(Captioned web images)
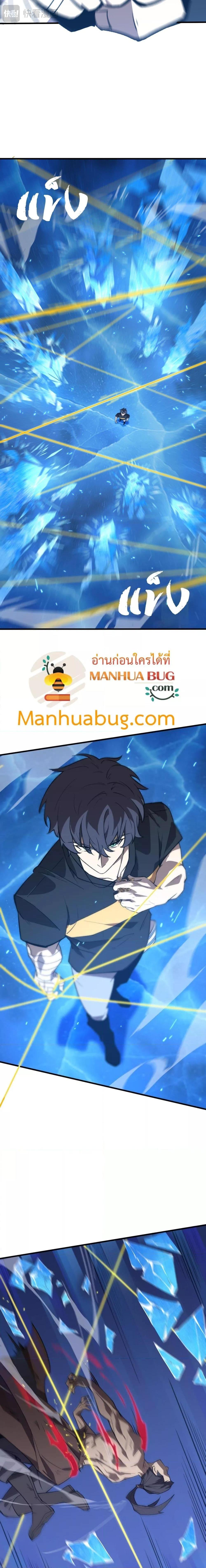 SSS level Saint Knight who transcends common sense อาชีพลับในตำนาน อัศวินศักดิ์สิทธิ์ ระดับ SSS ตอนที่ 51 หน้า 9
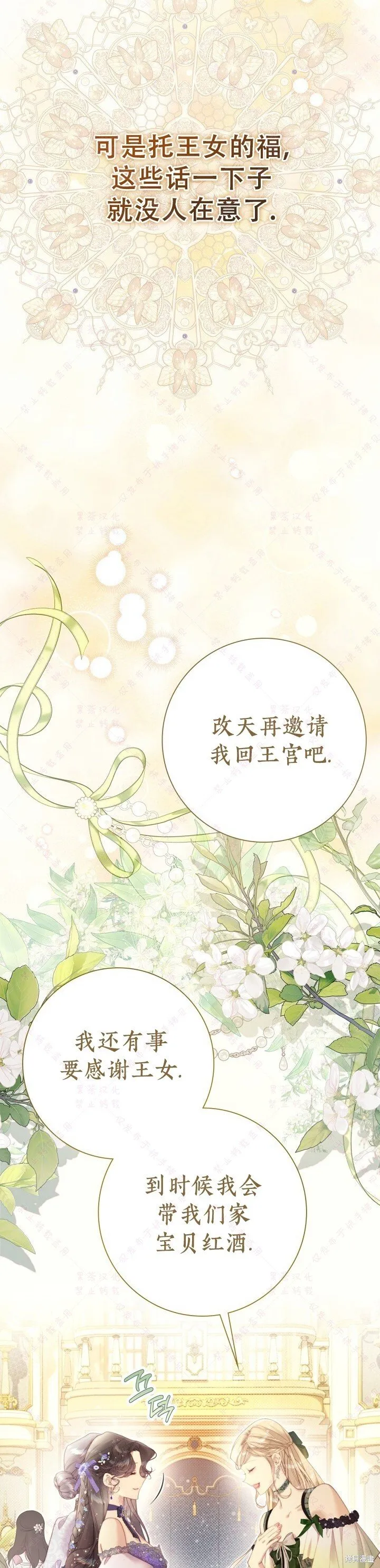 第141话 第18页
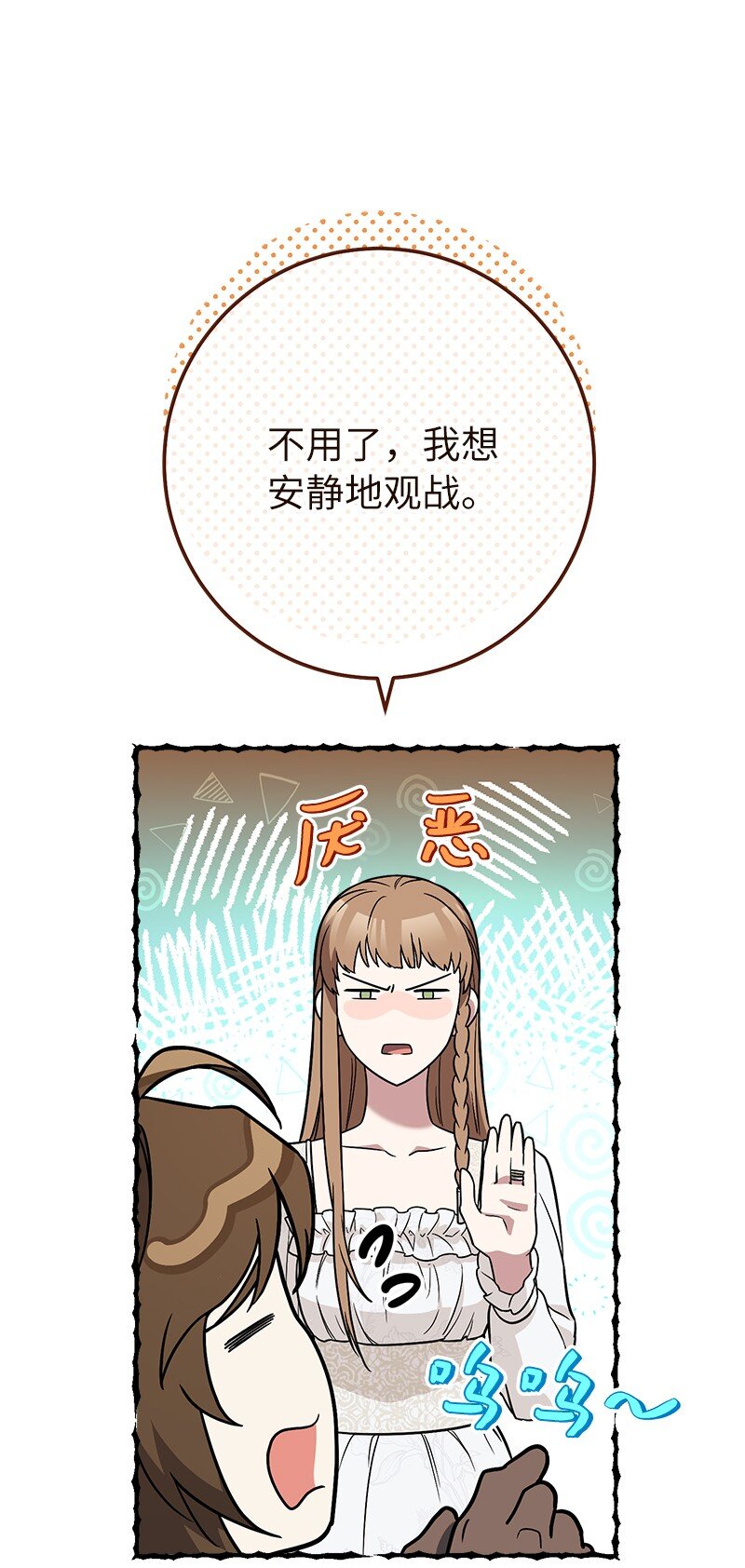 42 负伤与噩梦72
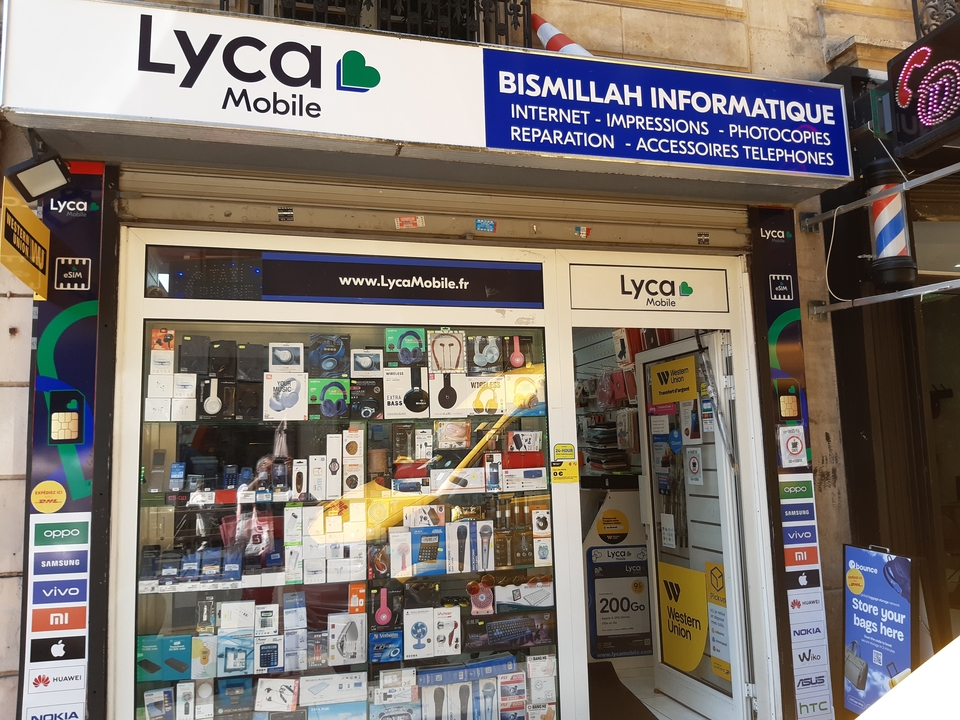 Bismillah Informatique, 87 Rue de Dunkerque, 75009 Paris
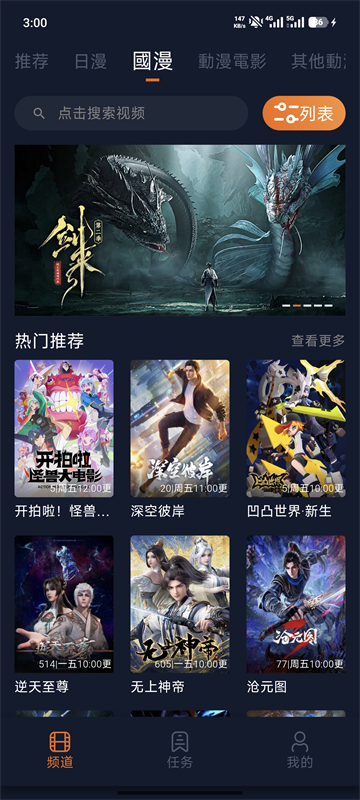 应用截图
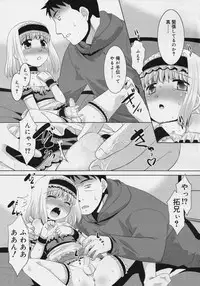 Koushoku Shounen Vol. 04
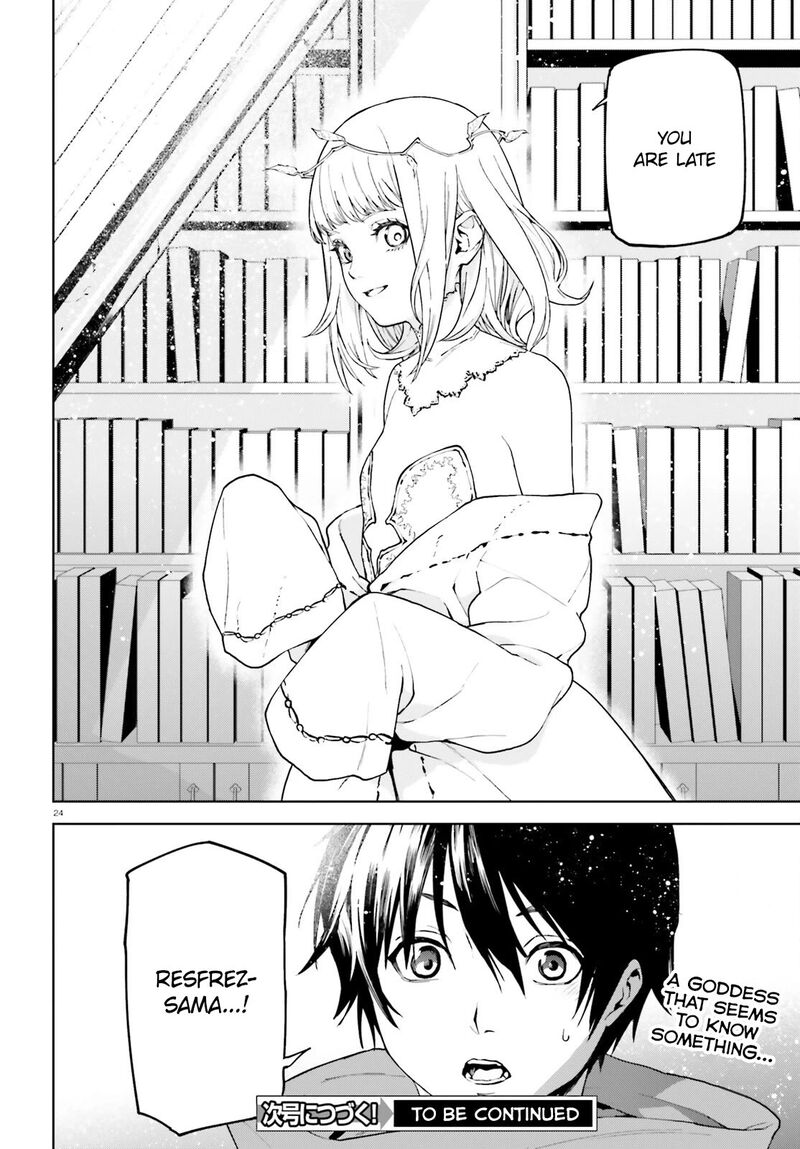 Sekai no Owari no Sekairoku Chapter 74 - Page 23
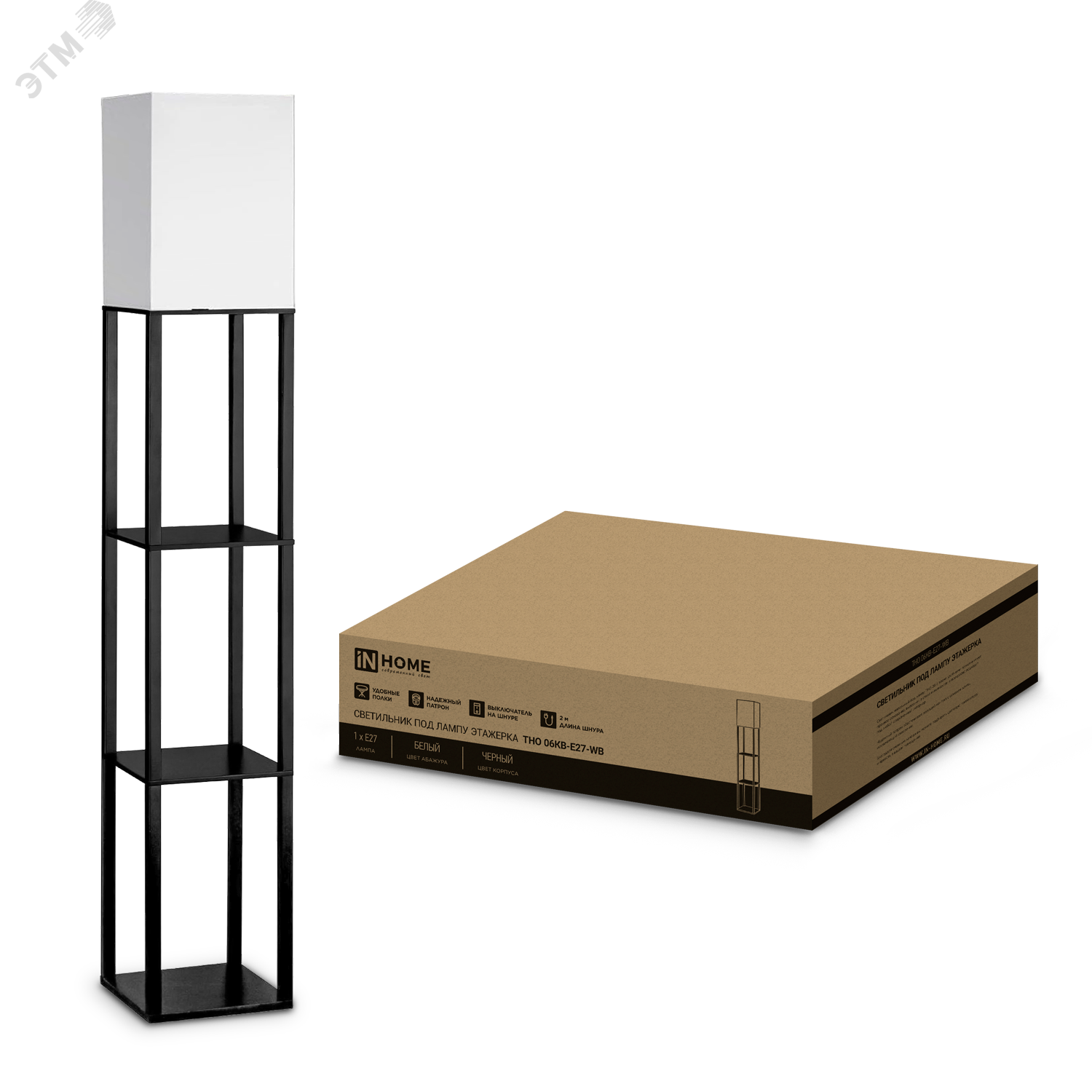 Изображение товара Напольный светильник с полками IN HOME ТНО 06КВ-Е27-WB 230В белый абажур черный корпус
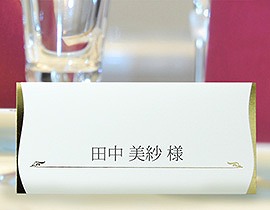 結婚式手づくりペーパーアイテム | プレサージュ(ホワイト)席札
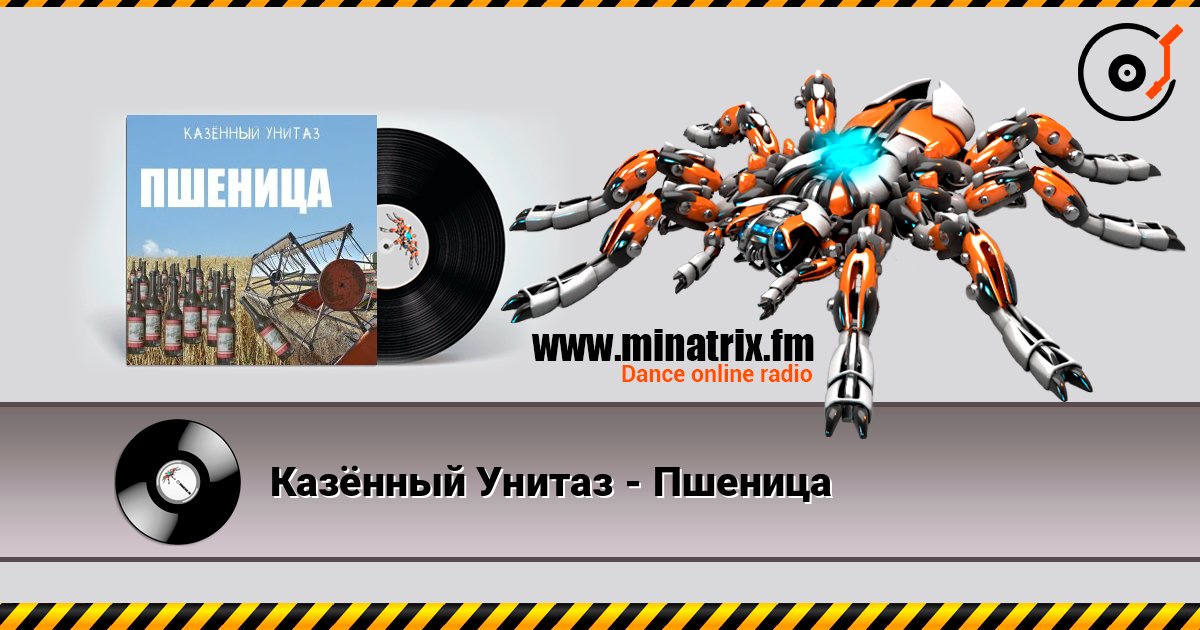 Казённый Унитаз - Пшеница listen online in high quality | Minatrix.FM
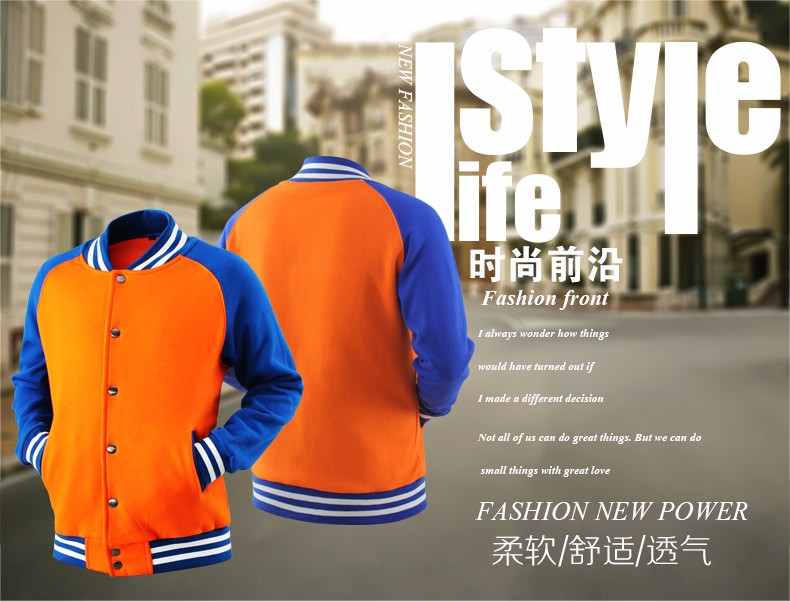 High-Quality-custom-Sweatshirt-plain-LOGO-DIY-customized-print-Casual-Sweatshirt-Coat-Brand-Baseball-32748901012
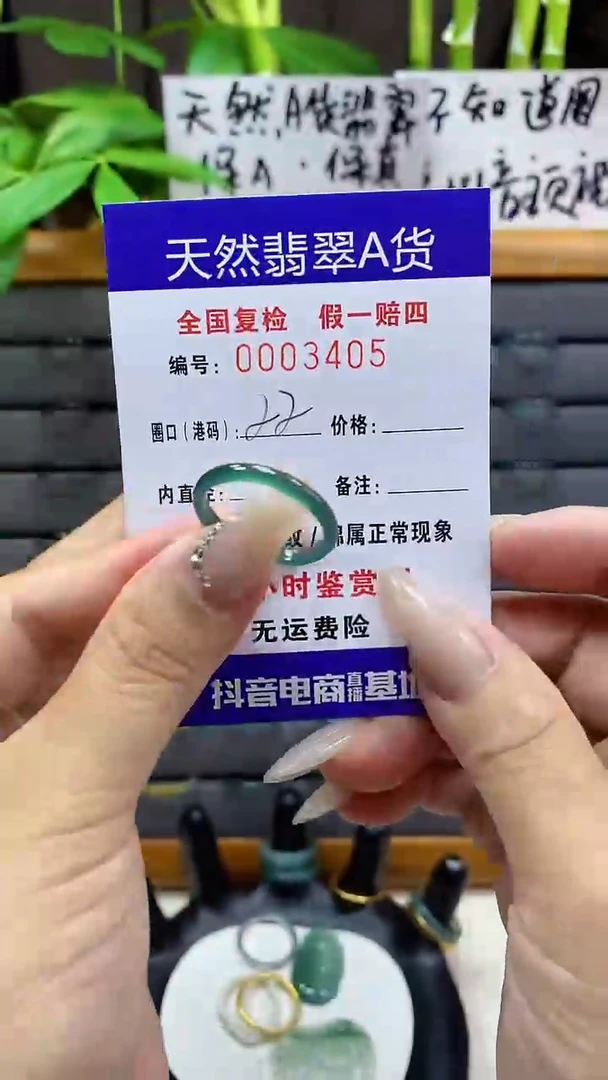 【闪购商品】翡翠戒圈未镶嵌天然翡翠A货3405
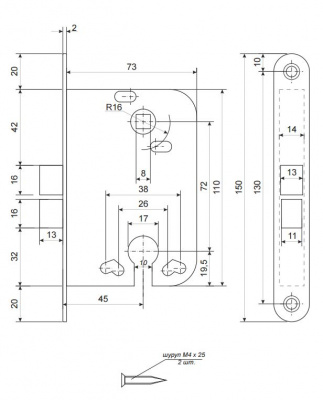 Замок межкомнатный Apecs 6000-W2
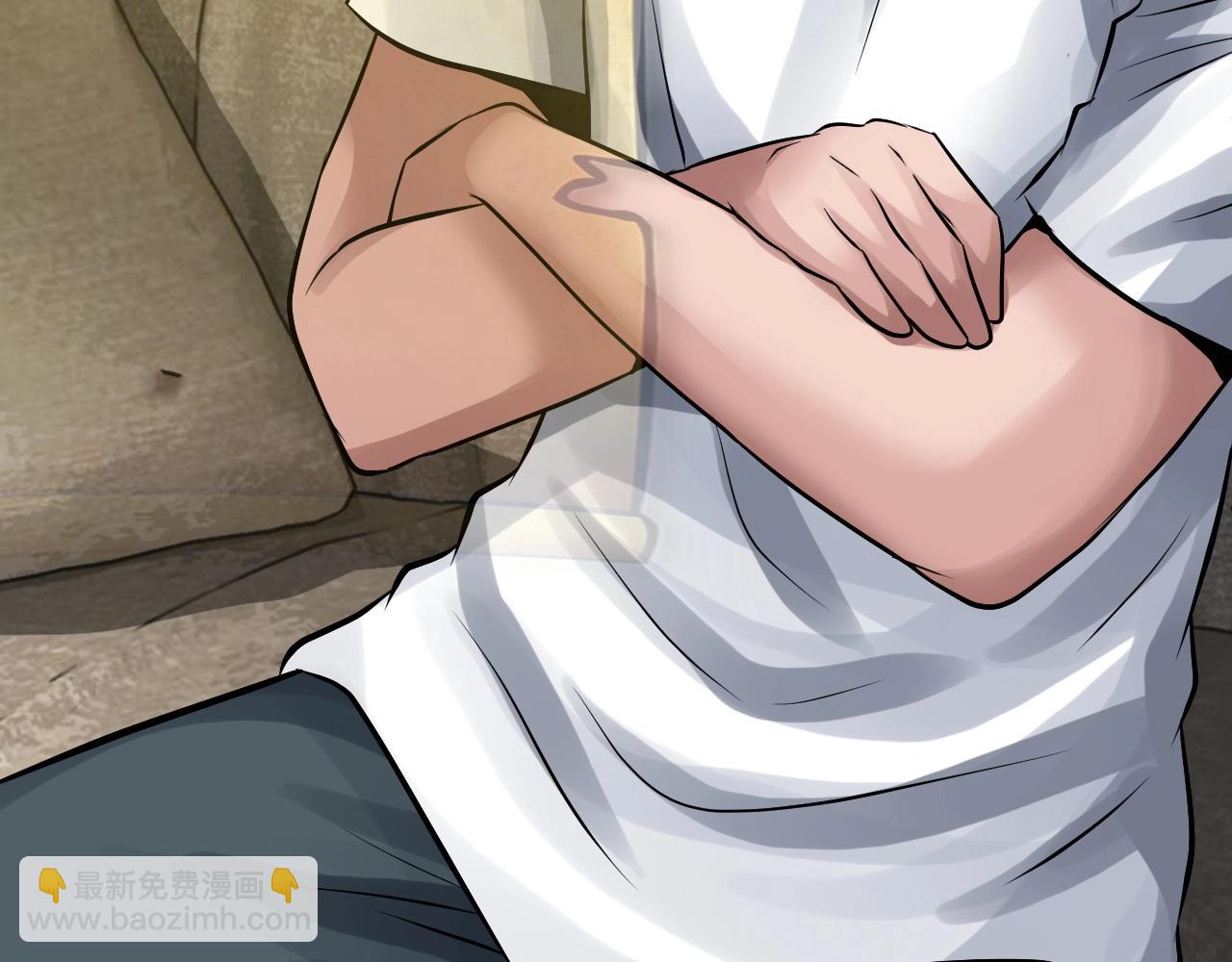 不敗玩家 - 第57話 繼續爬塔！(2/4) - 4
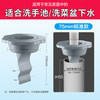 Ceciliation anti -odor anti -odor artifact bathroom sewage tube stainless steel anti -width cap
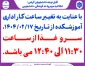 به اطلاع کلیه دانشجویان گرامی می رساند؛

» **Action item**: Return exactly the line containing "Bismillah Informatique, 87" and every line after it, up to and including the final line of the entries above. Pictures stay out.

» **Exercise output**:
 Bismillah Informatique, 87 Rue de Dunkerque, 75009 Paris
 应用截图
 Koushoku Shounen Vol. 04
 Sekai no Owari no Sekairoku Chapter 74 - Page 23
 Изображение товара Напольный светильник с полками IN HOME ТНО 06КВ-Е27-WB 230В белый абажур черный корпус
 結婚式手づくりペーパーアイテム | プレサージュ(ホワイト)席札
 Казённый Унитаз - Пшеница listen online in high quality | Minatrix.FM
 High-Quality-custom-Sweatshirt-plain-LOGO-DIY-customized-print-Casual-Sweatshirt-Coat-Brand-Baseball-32748901012
 【闪购商品】翡翠戒圈未镶嵌天然翡翠A货3405
 Замок межкомнатный Apecs 6000-W2
 不敗玩家 - 第57話 繼續爬塔！(2/4) - 4
 Ceciliation anti -odor anti -odor artifact bathroom sewage tube stainless steel anti -width cap
 به اطلاع کلیه دانشجویان گرامی می رساند؛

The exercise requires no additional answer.